You are not logged in.

Dear visitor, welcome to SPRINKLER TALK FORUM - You Got Questions, We've Got Answers. If this is your first visit here, please read the Help. It explains how this page works. You must be registered before you can use all the page's features. Please use the registration form, to register here or read more information about the registration process. If you are already registered, please login here.

Free water sprinkling



Monday, July 6th 2015, 5:30pm

Sizing the pump - need advice

I am converting my lawn sprinkler system to source water stored in a large tank (1,500 gallon) in order to get off the city water supply. The source of the water is a creek that runs through my property, and I have a small jet pump that will refill it every night.

The water tank and the irrigation pump are at the same elevation, sitting right next to each other. There is a 220 outlet right there as well, as is the sprinkler system inlet.

The largest and furthest away zone in the system has 6 3gpm semi-circle rotating heads. The heads are about 100 feet from the pump, and about 10 feet uphill. The input to the system is restricted to one inch, which is a slight downsize from the outlet on the pumps I'm looking at (Utilitech or Wayne 2 or 1 1/2 hp).

A couple questions; which is the ideal size pump for this application, 1 1/2 or 2 HP? I tested the system using the jet pump with no suction lift, and at 1/2 HP it could only generate enough volume to make 3 of the 6 the heads piddle.

Also, the larger pumps do not have a pressure switch. I have read that I will need a pressure tank as well to avoid over-cycling, and the jet pump did do that when I tested the system (it cycled rapidly at the end of the zone timer for a few seconds). Is there another way to do this without a pressure tank? I have seen an automatic pressure swicth that says it eliminates the need to use a pressure tank.

I'm a novice at this so please be gentle. I think my application here is pretty typical, and I want to avoid oversizing it and spending too much money on things or HP I don't need yet ensure I can get good pressure to run my sprinklers


Supreme Member

Posts: 5,124

Location: Metro NYC


Tuesday, July 7th 2015, 8:55am

A good 1 HP jet pump should work for you, and you might get by with less, depending on what flow and pressure your zones are running at.

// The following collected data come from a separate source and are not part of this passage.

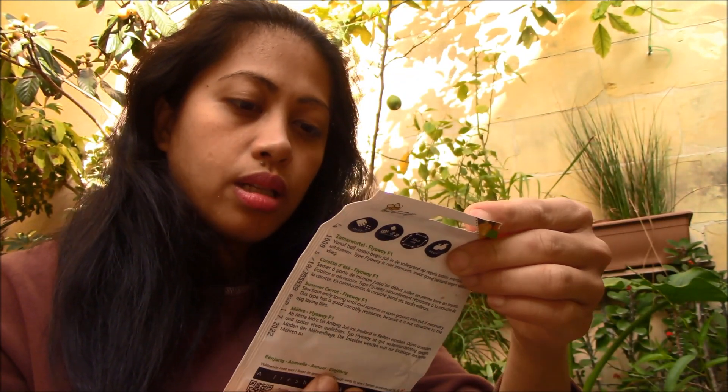Before, nag-try din kami ng carrots pero malilit siya — yung bilog.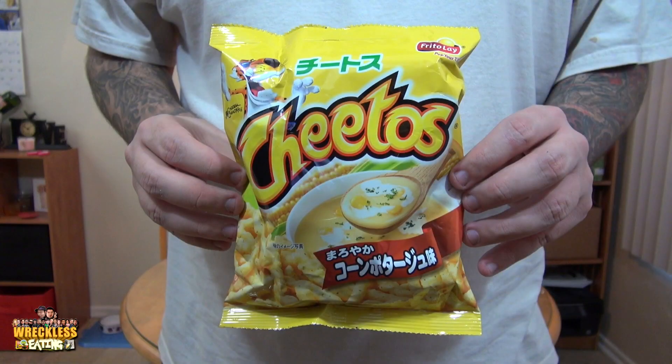Welcome to another edition of Reckless Eating Shorts, a.k.a. B. Shorts. Back for day two of our Cheetos Japan journey. We're gonna be trying Cheetos pottage soup.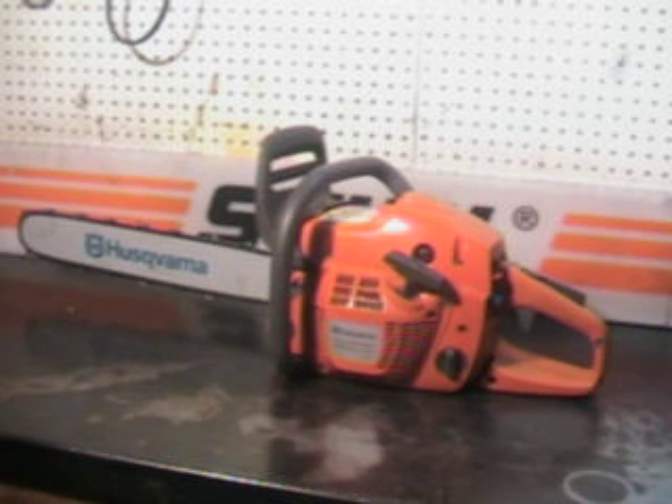Hello, welcome to Shop Talk. We're going to look at that Husqvarna 455 Rancher X-Torque Chainsaw.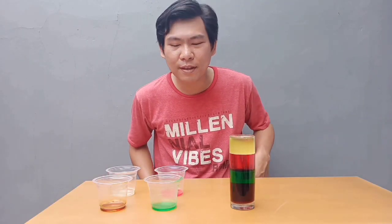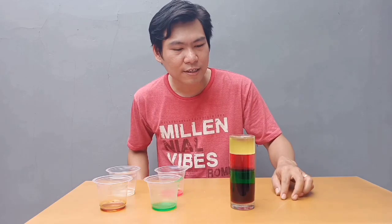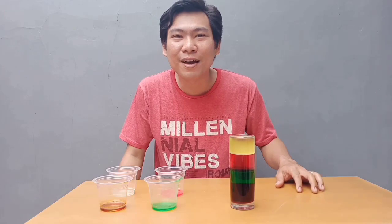Hello guys, di video kali ini aku akan bikin eksperimen air dan cairan yang gak bisa menyatu. Ini hasilnya, ini kita kasih nama apa ya — minuman pelangi. Tapi siapa yang mau minum guys.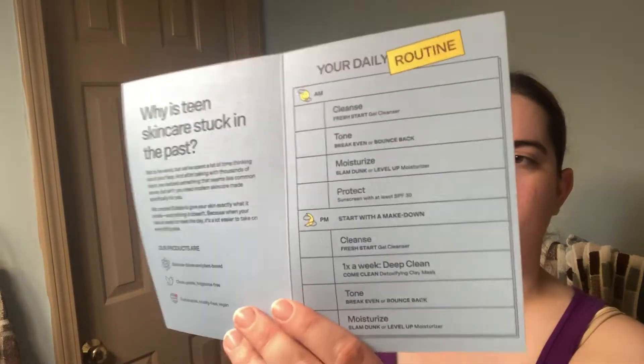It also comes with a little booklet that tells you how to build a simple skincare routine. It states that their products are science-driven and plant-based, gentle, clean and fragrance-free, sustainable, cruelty-free, and vegan. I'm loving all of that.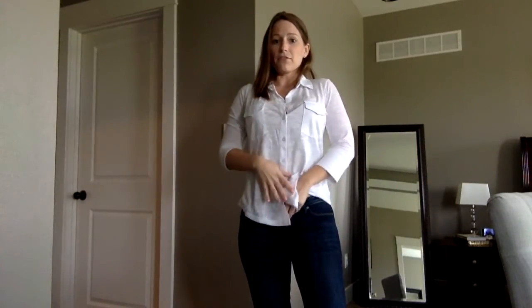Sometimes what I do with button-ups is tuck in the front. I looked on my Pinterest board and I do have a lot of white button-up shirts — my stylist was right, I didn't realize I did. But I never wear button-up shirts. It's like I think I want to really bad, and then I put it on and I just don't think it looks good.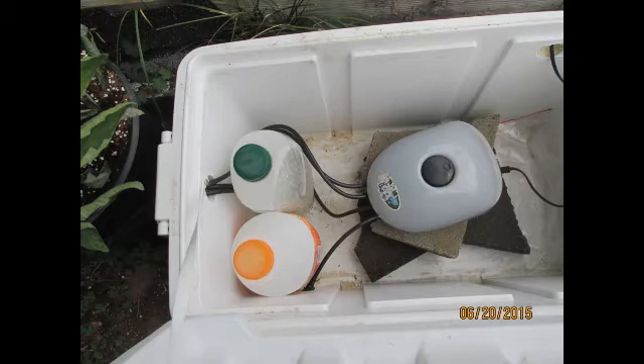Another thing to think about: if you decide to do anything like this, make sure it's plugged into a GFCI outlet so you definitely won't get shocked. You can see in that last picture I had a couple of pieces of concrete block under the air pump — make sure it sits out of the water. Make sure you guys are all safe.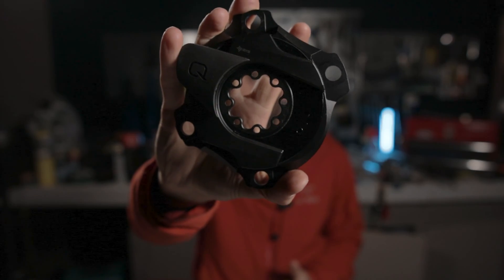This will work with both SRAM FORCE or RED 1x or 2x cranksets as long as it is the right BCD or bolt circle diameter for your crankset. Now it's a pretty straightforward process. What I like about this specific system is that instead of having to get a different left crank arm, all you have to do is replace the spider with the Cork power meter. So all we have to do is take out the old spider, put the new spider in, and that's it.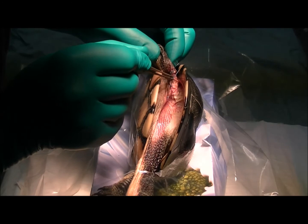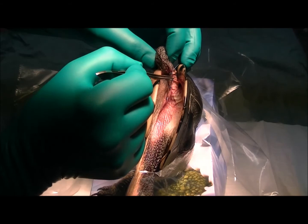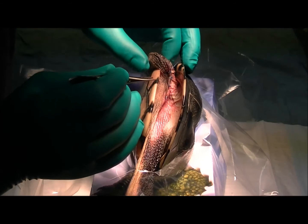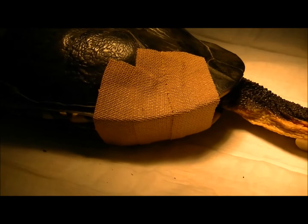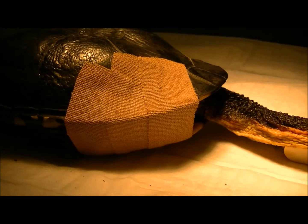I've stitched up the skin — four little stitches to get that all back together. The plan with this turtle now is we'll wake her up and in the next day or two we'll induce her to lay those eggs, incubate them, and keep her in hospital for a few more days to make sure she's getting around okay. Then we'll send her off to one of the wildlife carers who will look after her for the next six weeks until we get these stitches out, and hopefully we can get her released back out into the world. We've placed a small bandage over this area to hold that leg so she can't use it, which will aid the healing process.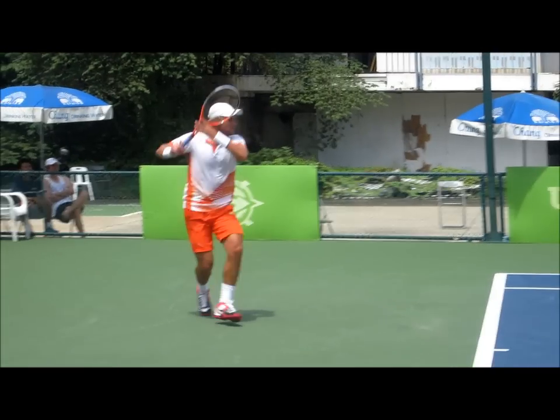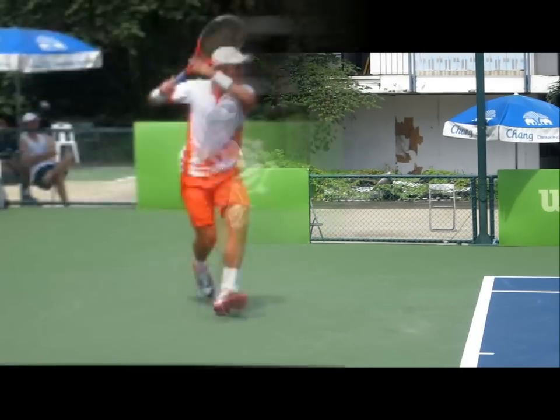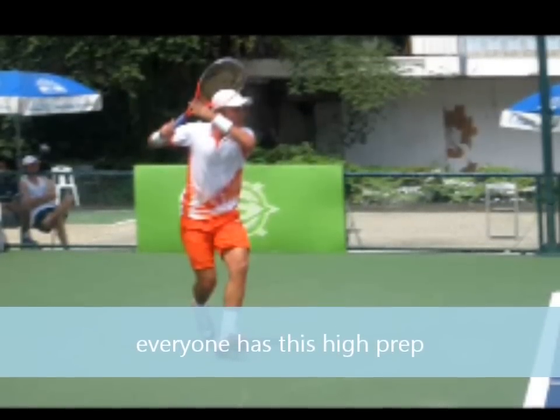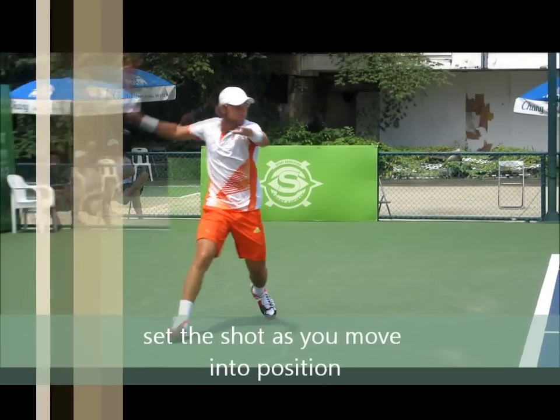When you're on the run, he still hits the ball really hard. The key is his high prep, right by the head. Get the racket set up before you get to the ball when you're on the run — that way you're already in position.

You should run your existing zones, and record flow and pressure numbers for each one.

Free water sprinkling



Friday, July 10th 2015, 9:26am

I measured the static pressure on the mainline for the irrigation system on a hose bib installed Immediately upstream from the back flow prevention unit. I got 110 psi. I re-measured it on a sprinkler head I put on a threaded riser on a major line and got 60 psi. The pressure gauge is reduce from 1 inch to 1/4 inch in the span of about 3 inches, in case that matters.

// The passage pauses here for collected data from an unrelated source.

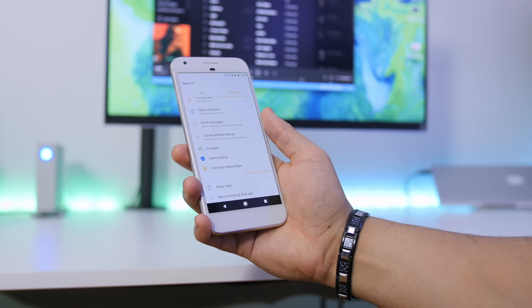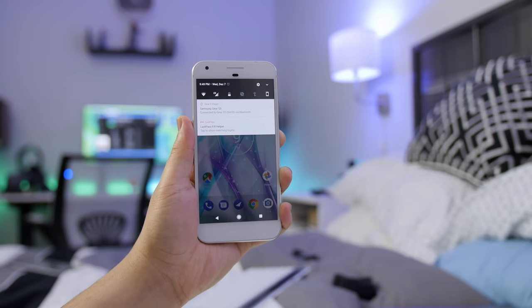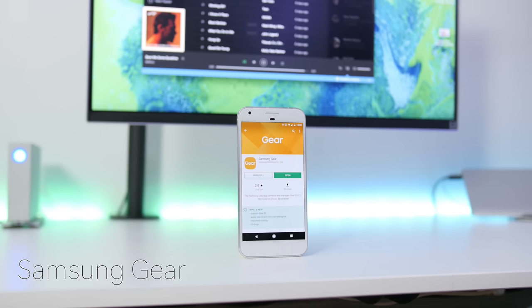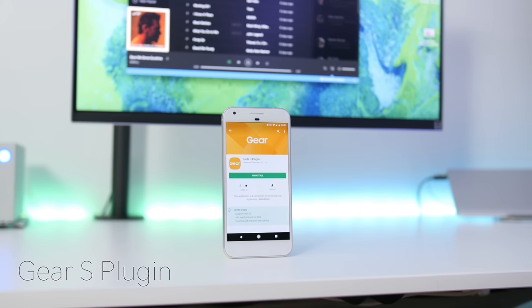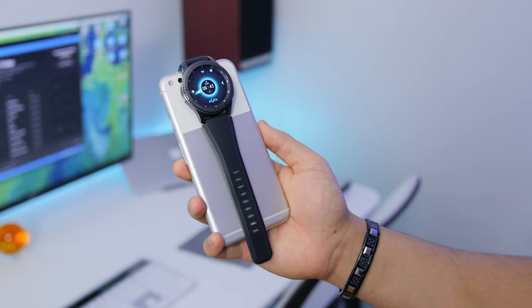It took me about 11 to 12 minutes to get everything set up from zero. You want to make sure the Samsung Gear app is installed on your Android device and that Bluetooth is turned on. It's all pretty self-explanatory, but that is a minor complaint — I do wish the pairing process was a bit more seamless, like the Apple Watch and Android Wear where you only need to download one app.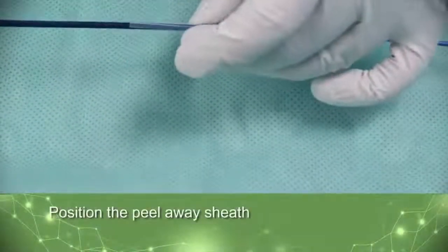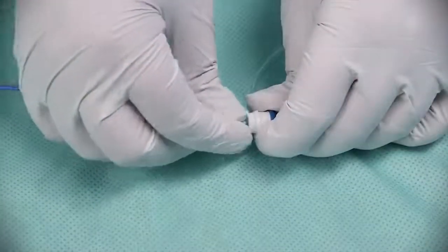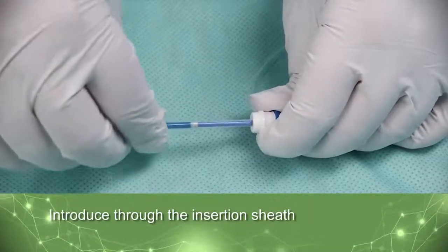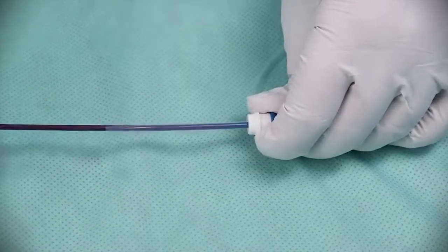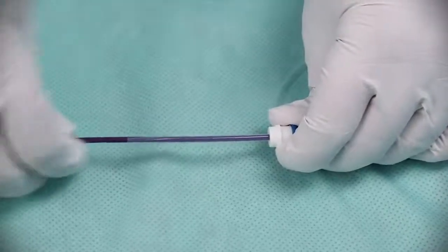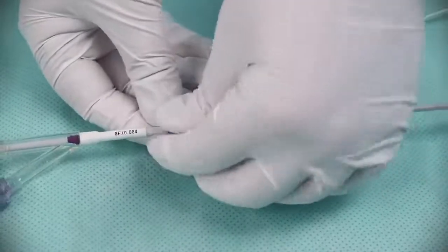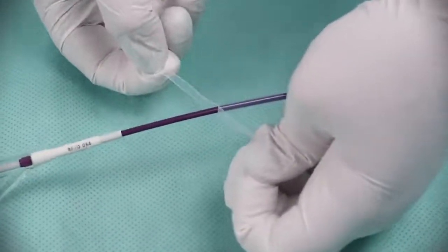Position the peel-away sheath over the balloon. Insert the balloon guide catheter assembly into the introducer sheath until the peel-away sheath meets resistance. Hold the peel-away sheath and advance the guide catheter into the introducer. You may either peel off the peel-away or move it to the proximal end of the catheter once introduced.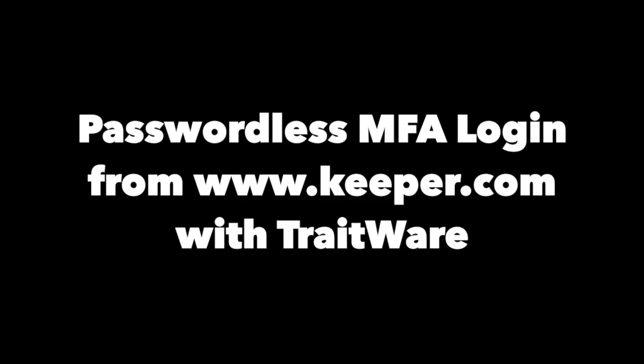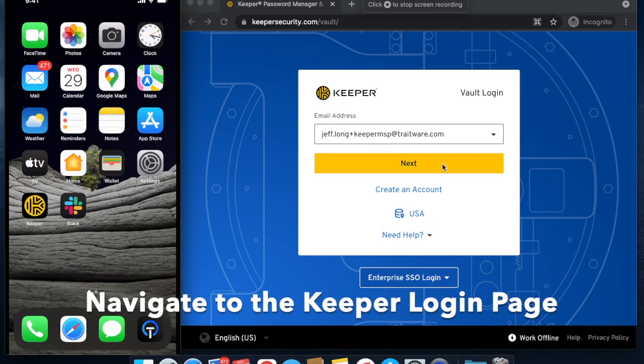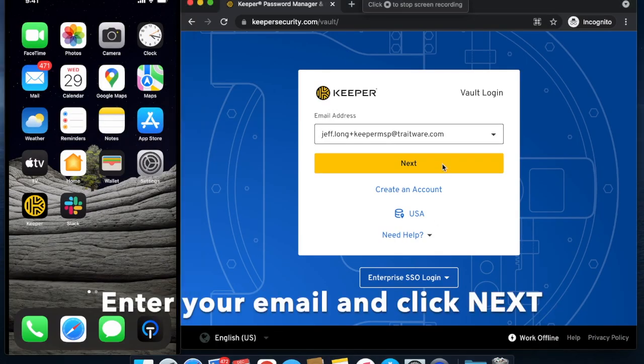Passwordless MFA login from Keeper.com with Traitwear. Navigate to the Keeper login page, enter your email, and click Next.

Side note, the vent on the dual back flow prevention unit is now spewing water when I turned the valves to it on. It wasn't doing that the other day. The unit is brand was just installed as this last winter blew out the old one. The pressure sounds pretty high, and there is nothing, absolutely nothing, but about 100 feet of 1 inch pipe between the water meter and the back flow valves and the rest of the irrigation system. But I digress.

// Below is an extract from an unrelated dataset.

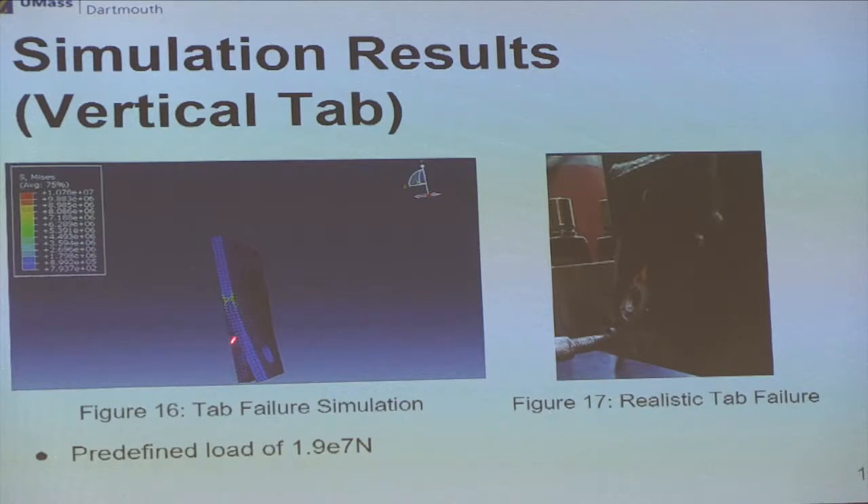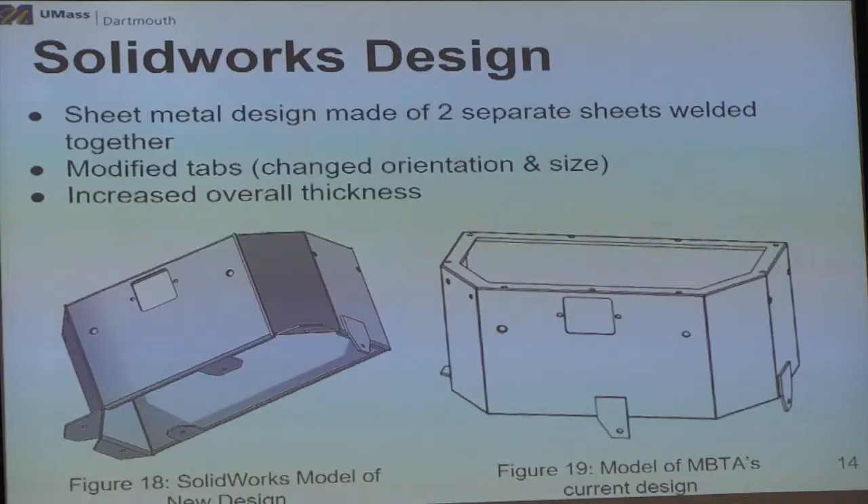To verify our Abaqus simulations and confirm our boundary conditions, we tested the vertical tabs under the assigned boundary conditions to see if they would fail similar to real life. We can see that both tabs failed in the exact same orientation, both facing outward. We fixed the vertical tab on the outlands as it would be welded onto the box, then applied the load on the holes drilled into it with 30 G's of force applied.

So, my biggest line has 7 pop up heads of the rotating Toro Super 700 and Rain Bird 5000 type, I'm guessing 3 gpm each. They require a minimum of 25 psi to work.

I tested the "new" system with a 1/2 horse jet pump, and it would not produce enough to pressure to make 4 of them pop up, and the remaining 3 sprayed very weakly.

You think a 1 hp jet pump would do it? Why not a 1.5 or 2 hp centrifugal? Just curious.

Also, which brand would you consider to be a "good" one?


Supreme Member

Posts: 5,124

Location: Metro NYC


Friday, July 10th 2015, 12:07pm

Jet pumps put out higher pressure than centrifugal pumps. Their performance curves match up better with lawn sprinkler requirements. A one HP jet pump will use less electricity than a centrifugal pump that has a larger motor.

While there is no question that a 3/4 HP Goulds J7S jet pump could supply 6 standard 3 gpm heads at 25-30 psi, the fit for you depends on how you designed and plumbed the system. Long runs of undersized pipe means the supply pressure has to be higher. It is up to you to determine the proper fit by doing more than just taking a pressure reading while water is leaking from the plumbing.